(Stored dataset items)

★ ★ ★ ★

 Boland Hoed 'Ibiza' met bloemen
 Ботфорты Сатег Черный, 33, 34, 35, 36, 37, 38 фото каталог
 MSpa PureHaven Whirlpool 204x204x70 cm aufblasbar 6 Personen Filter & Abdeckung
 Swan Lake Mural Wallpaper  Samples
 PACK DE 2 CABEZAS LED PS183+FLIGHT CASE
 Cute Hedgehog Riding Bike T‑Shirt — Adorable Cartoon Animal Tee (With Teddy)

★ ★ ★ ★

▶ Prompt: With every line intact, print the records above again.

▶ Answer space:
 Boland Hoed 'Ibiza' met bloemen
 Ботфорты Сатег Черный, 33, 34, 35, 36, 37, 38 фото каталог
 MSpa PureHaven Whirlpool 204x204x70 cm aufblasbar 6 Personen Filter & Abdeckung
 Swan Lake Mural Wallpaper  Samples
 PACK DE 2 CABEZAS LED PS183+FLIGHT CASE
 Cute Hedgehog Riding Bike T‑Shirt — Adorable Cartoon Animal Tee (With Teddy)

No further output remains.